Welcome to part 10 of our blog series, "Level-Up Your Fundraising."
This latest blog series is written to help nonprofits of all sizes navigate through several different fundraising situations. Each tip is designed to help you raise more money with less stress and hassle for your organization.
If you missed part 9 which is all about winning grants by casting the big picture vision, you can view it here.
Part 10: Find – and Use – Good Fundraising Software for Your Nonprofit
Your nonprofit’s fundraising software can literally make or break your development program. Good fundraising software can be the difference between a successful, comprehensive fundraising program run by happy fundraisers and a disjointed, wasteful fundraising program run by a stressed-out staff.
Most modern nonprofits run complex fundraising programs. Even small organizations generally host one or more fundraising events, send out multiple fundraising mailings, raise money online, and engage in face-to-face fundraising with their major donors. Mid-sized and large organizations add to that complexity by adding other fundraising tactics, and employing multiple team members to implement their fundraising plans.
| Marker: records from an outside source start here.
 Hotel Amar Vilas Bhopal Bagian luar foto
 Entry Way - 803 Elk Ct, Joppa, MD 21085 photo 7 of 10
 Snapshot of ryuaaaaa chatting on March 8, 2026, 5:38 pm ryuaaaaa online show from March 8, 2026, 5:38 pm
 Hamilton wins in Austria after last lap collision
With all that activity, it can be hard to track donor communications and analyze how different donors respond to each of the various strategies you use. Good fundraising software (such as StratusLIVE 😊) makes this much easier by providing a central repository for all your development data.
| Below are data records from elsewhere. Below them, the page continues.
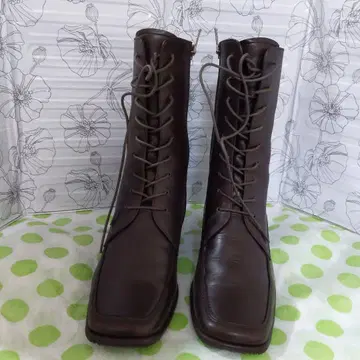 브라운 가죽 레이스업 롱 부츠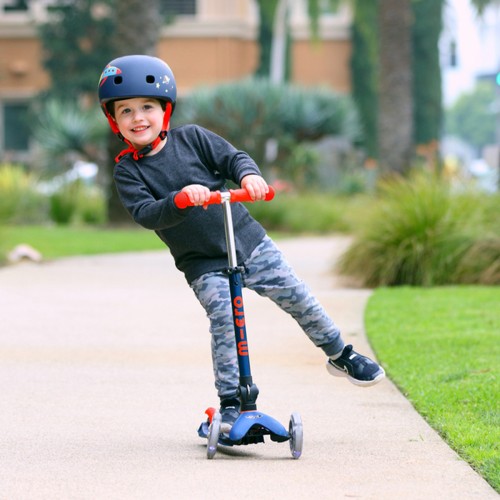 Самокат MICRO складной серии Mini Deluxe Foldable LED – Синий (Micro)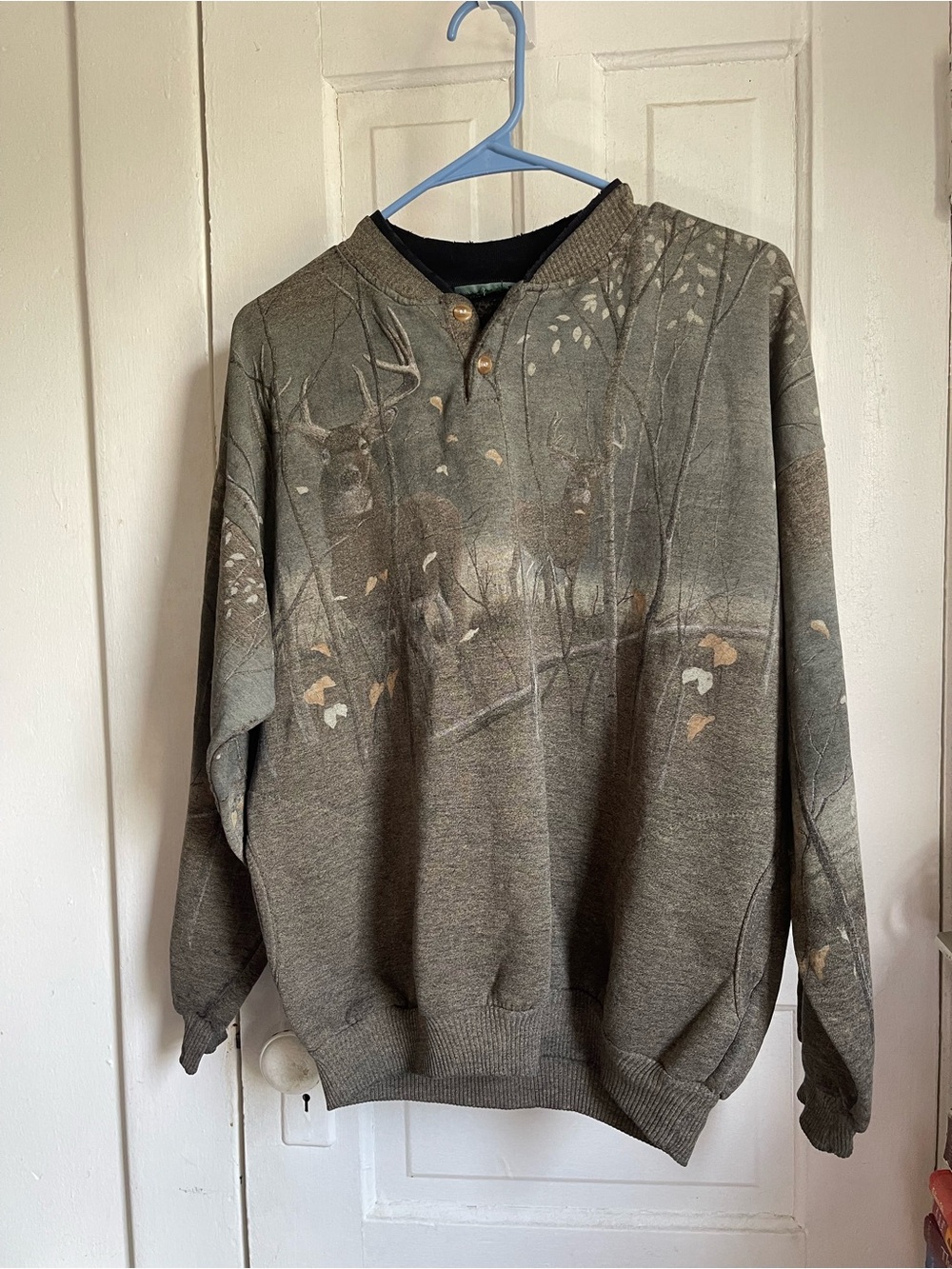 Vintage Green Camouflage Deer Graphic Hoodie Sweatshirt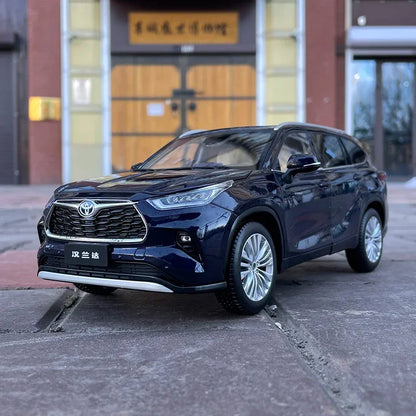 1:18 Toyota Highlander 2022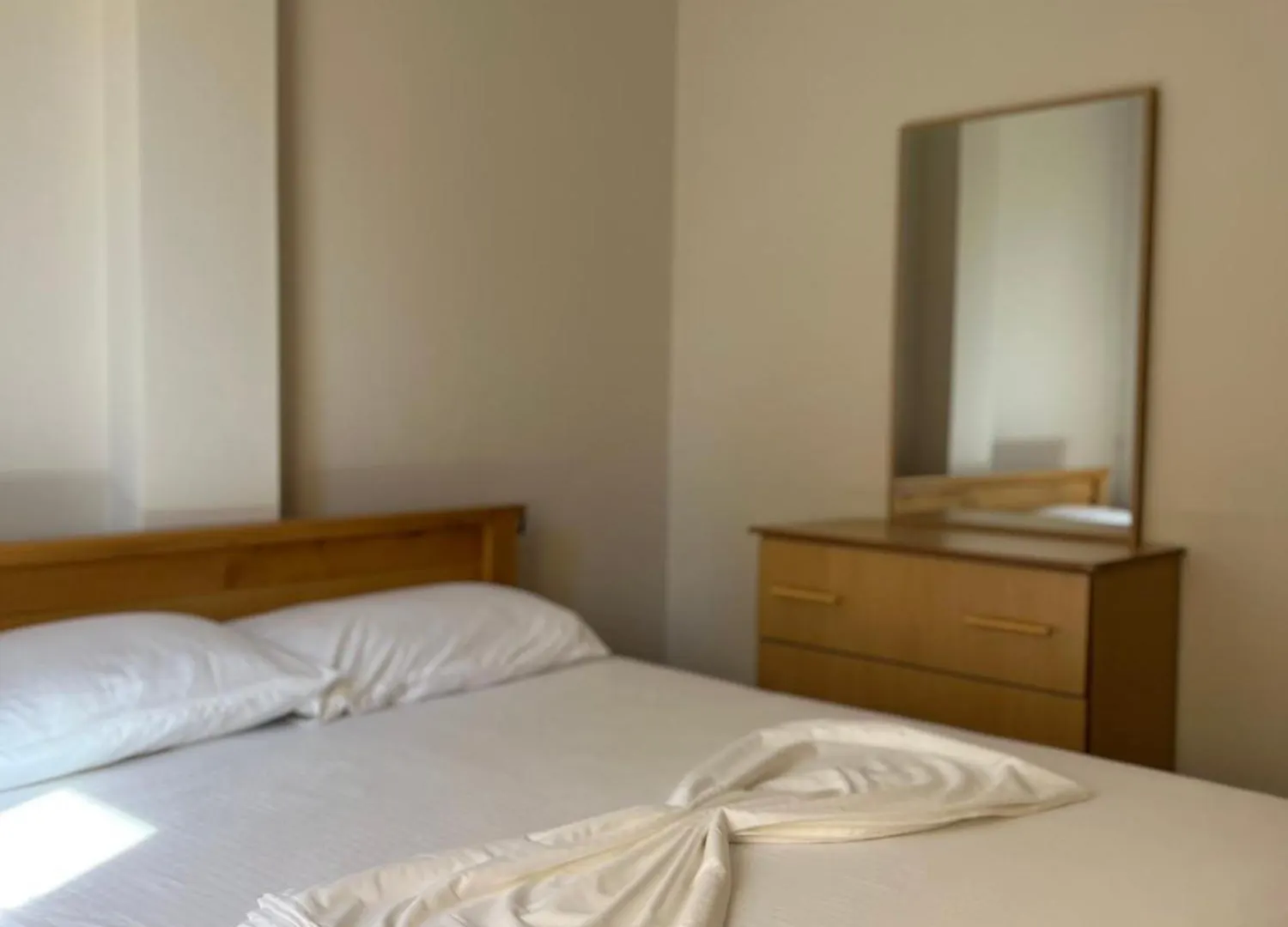 Kamberi Hotel & Apartments Velipojë 0*,  Αλβανία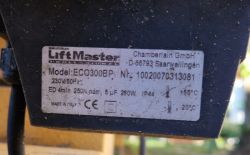 Siłownik LiftMaster ECO300 czy jeszcze można kupić jako nowy?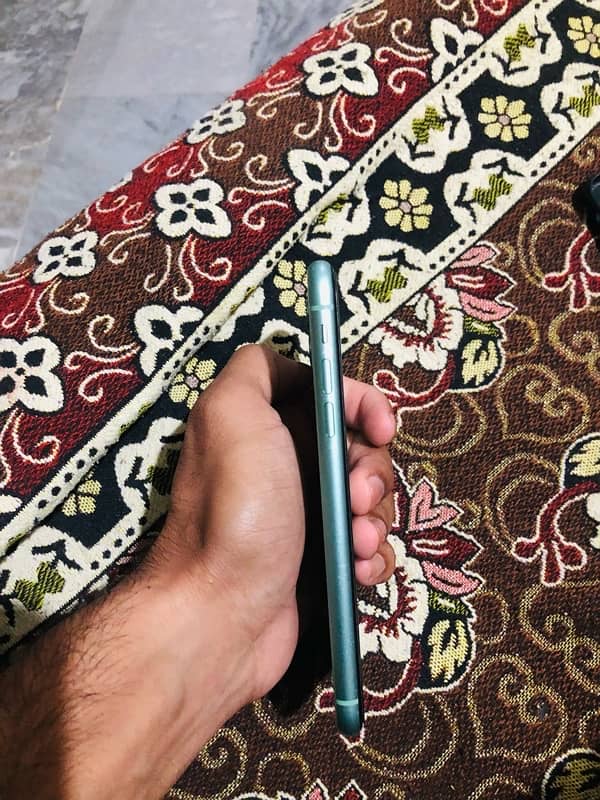 IPHONE 11 NON PTA 64GB Exchange possible 2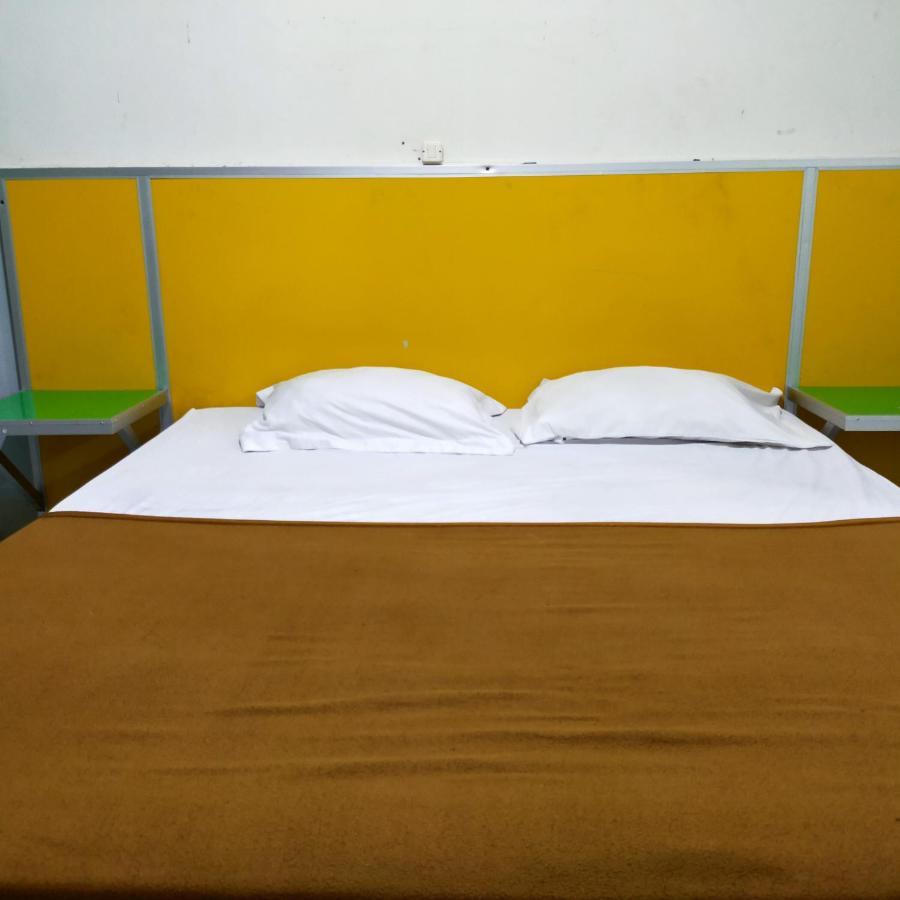 Hotel Nirwana Ternate Redpartner מראה חיצוני תמונה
The right software solution will allow everyone on your team to have instant access to your donor data and information on where each donor and prospect is in the fundraising process.
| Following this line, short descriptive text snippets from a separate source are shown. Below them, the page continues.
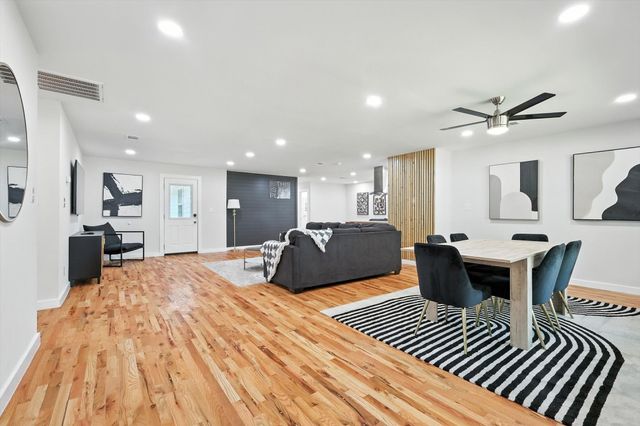 1009 Walnut Street, Irving, TX 75060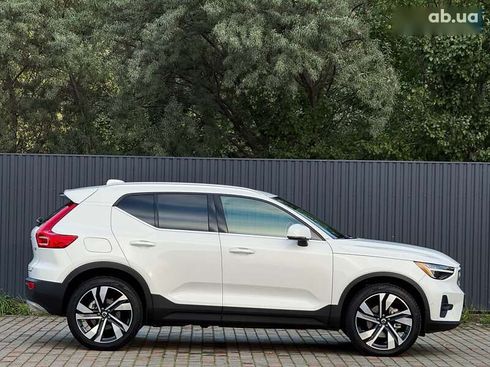 Volvo XC40 2024 - фото 3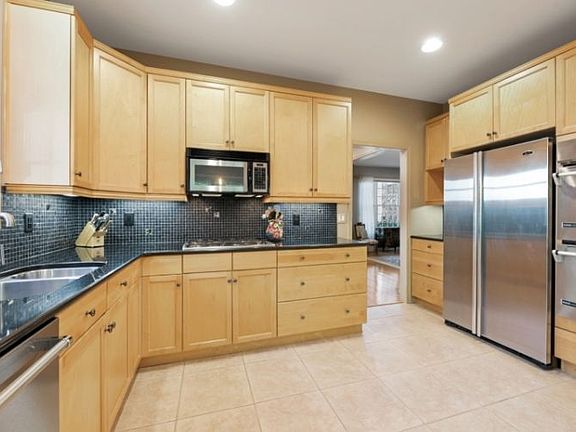 5th image of 53 Oconnor Cir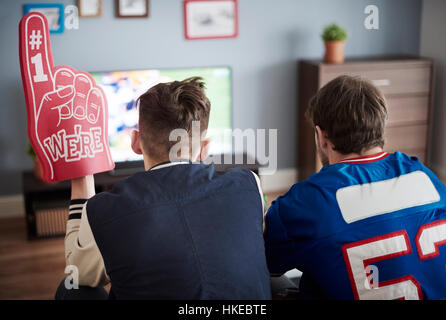 Foto di due pensieroso appassionati di sport Foto Stock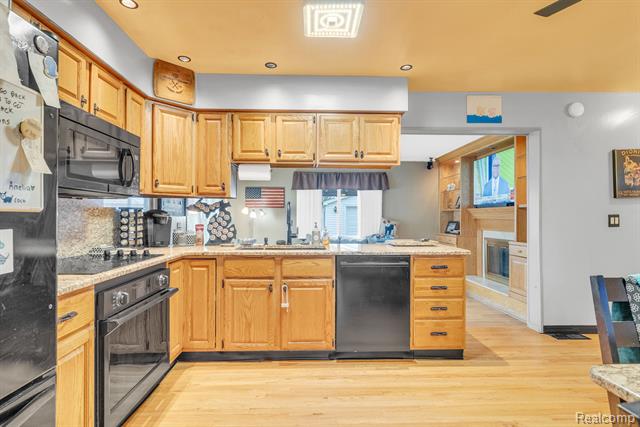 Builiding view eleven for 30212 Greater Mack, Saint Clair Shores, MI. 48082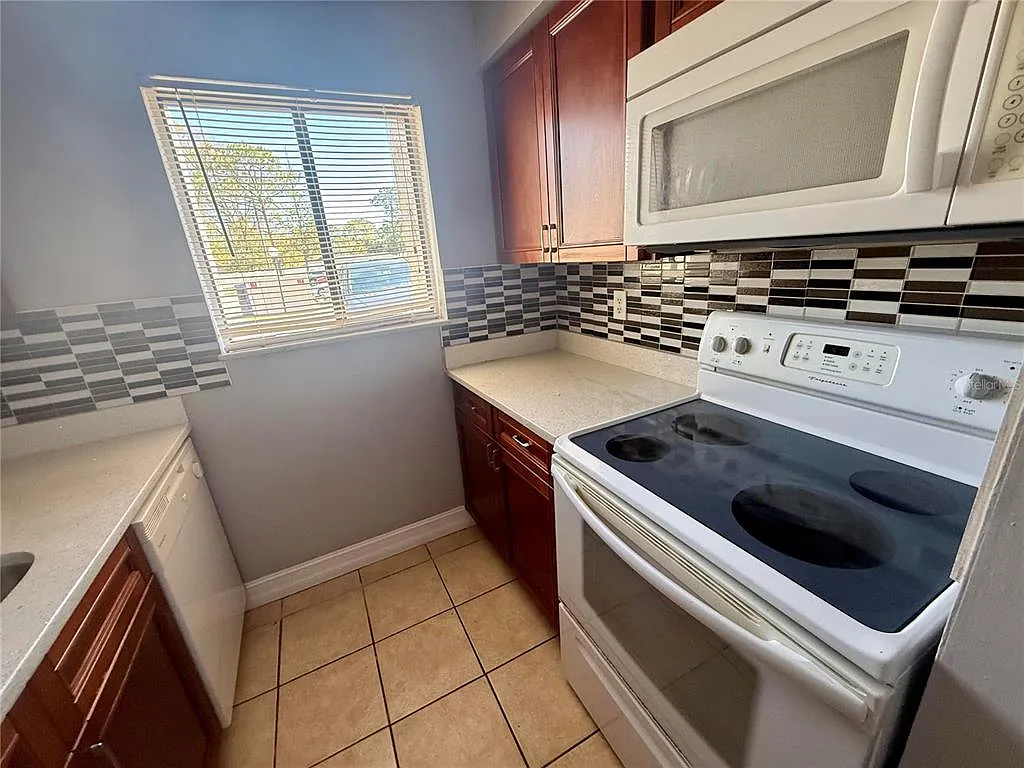 Building Photo - 127 Springwood Cir #F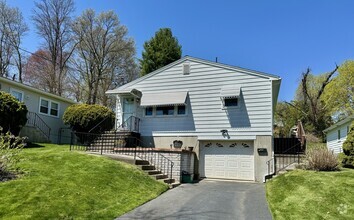 Building Photo - 224 Milton Ave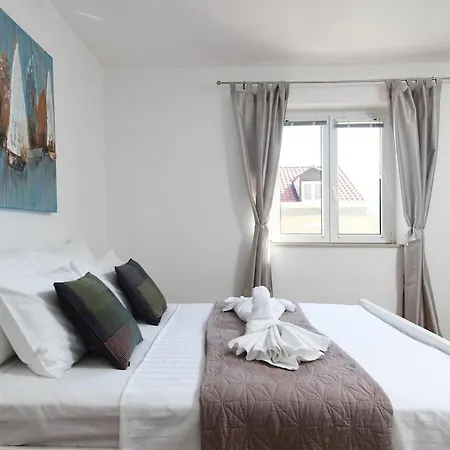 Wave N' Sea With A Private Pool Апартаменты *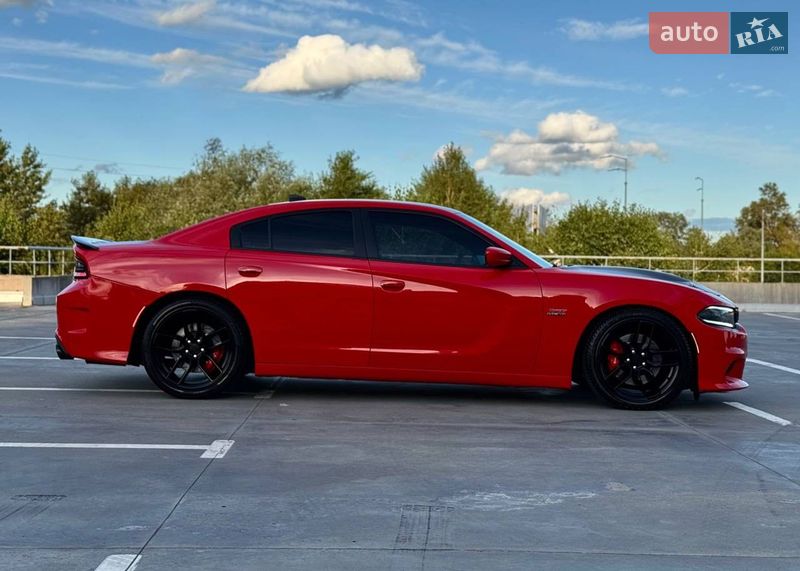 Седан Dodge Charger 2017 в Киеве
Likewise, your fundraising software will enable your team to analyze and report on each of your fundraising tactics immediately.
Remember that good donor software makes donor cultivation easier and more effective. Your nonprofit likely communicates with donors in many ways: in-person meetings, phone calls, cultivation events, snail mail and e-mail newsletters, written fundraising appeals, and more. Without good fundraising software, it can be tough to communicate with your donors effectively.
Most fundraising software allows you to print donor thank you letters and fundraising appeals (both e-mail and snail mail) right from within the system. Likewise, your software tracks who receives what, so that you’ll know which donors received each appeal letter, which donors received your newsletters, and which donors were invited to or attended each of your fundraising events. This makes your donor cultivation process easier and more effective by allowing you to communicate with different segments, track donors through your fundraising funnel, and instantly see team member notes from in-person meetings and phone calls.
Equally important is the fact that great donor software will allow your nonprofit to do more with less.
Most nonprofits are short on resources. Rare is the organization that has enough time, budget, and staff to do everything it wants to do to raise money. When your fundraising program is disjointed, this problem is exacerbated. Nonprofits that duplicate work or focus on strategies with a low return on investment are likely to raise far less than they otherwise would and to do so with more stress and hassle than necessary.
Good fundraising software allows your development team to do more with less by ensuring that donor information is at everyone’s fingertips. Instead of having to search through Excel files or review copies of mailing lists by hand, your team can immediately get the information they need to do their jobs effectively.
Even better, your fundraising software allows you to focus your time and resources on those fundraising strategies that work well for your nonprofit. You can run reports that analyze the return on your investments of time, money, and other resources for each of your fundraising strategies and know with certainty which fundraising tactics to focus on, and which to phase out. Good fundraising software enables your organization to effortlessly implement the 80/20 rule and put your resources to work where they will make the most significant difference for your nonprofit.